> **Task instructions**:
Extract the full listing verbatim and drop any pictures from your copy.

> **Collected data**:
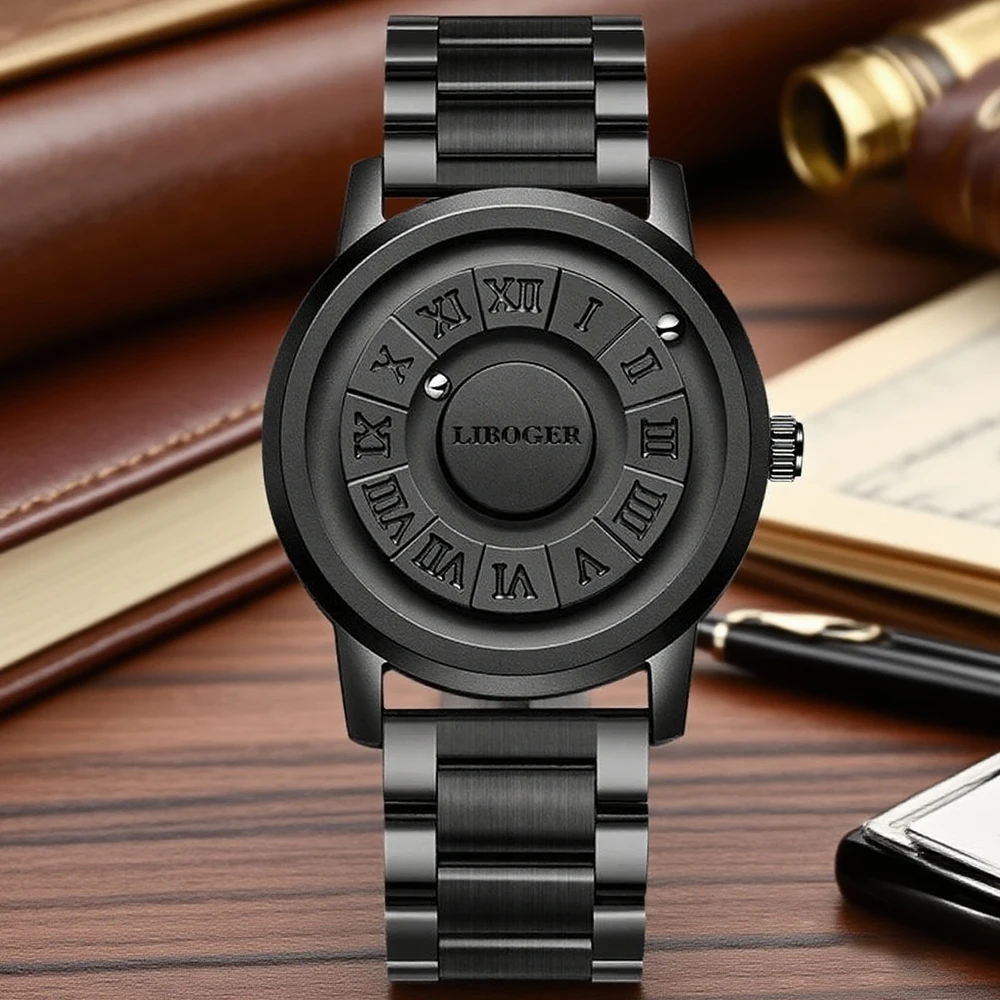 Jam Tangan Pria Bisnis Unik Jam Tangan Kuarsa Tali Baja Tahan Karat Tanggal Otomatis Modis Hadiah Pria untuk Jam Kalender Dia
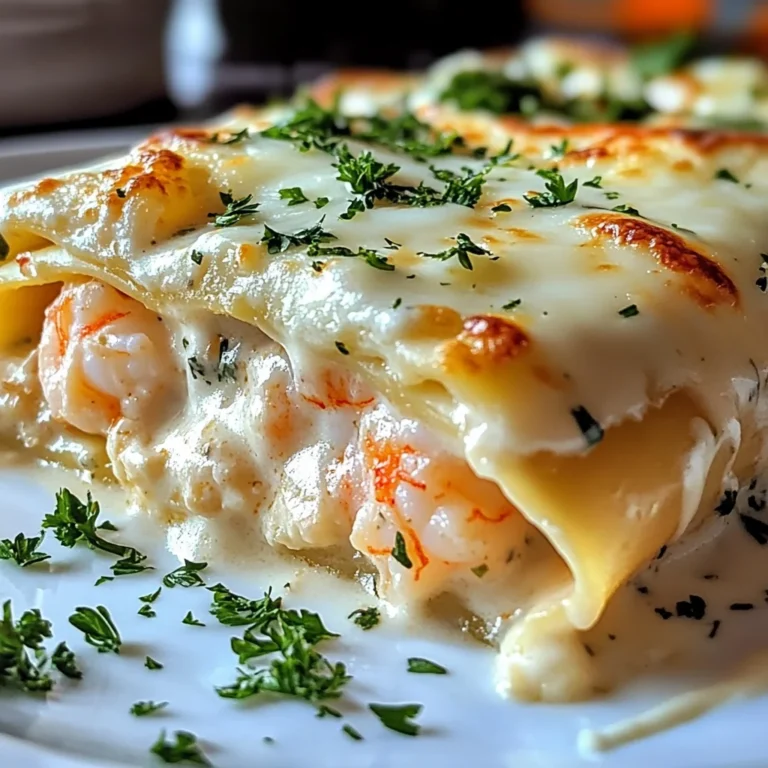 Dive into Decadence: Shrimp & Crab Alfredo Lasagna Roll-Ups You’ll Crave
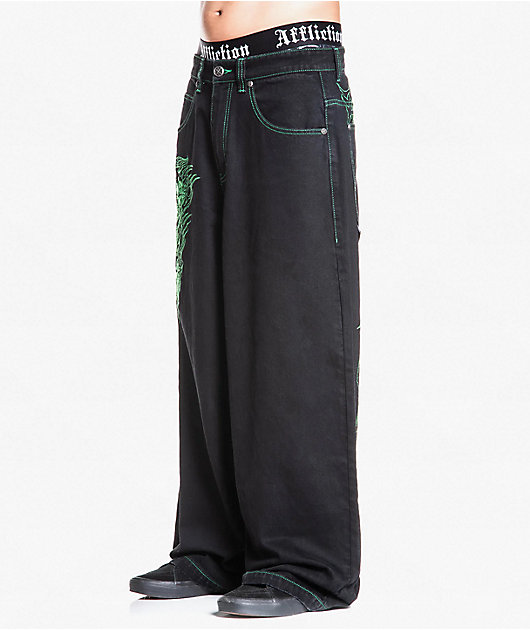Affliction Toxic Rage Black Wash Wide Leg Jeans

> **Answer box**:
 Jam Tangan Pria Bisnis Unik Jam Tangan Kuarsa Tali Baja Tahan Karat Tanggal Otomatis Modis Hadiah Pria untuk Jam Kalender Dia
 Dive into Decadence: Shrimp & Crab Alfredo Lasagna Roll-Ups You’ll Crave
Affliction Toxic Rage Black Wash Wide Leg Jeans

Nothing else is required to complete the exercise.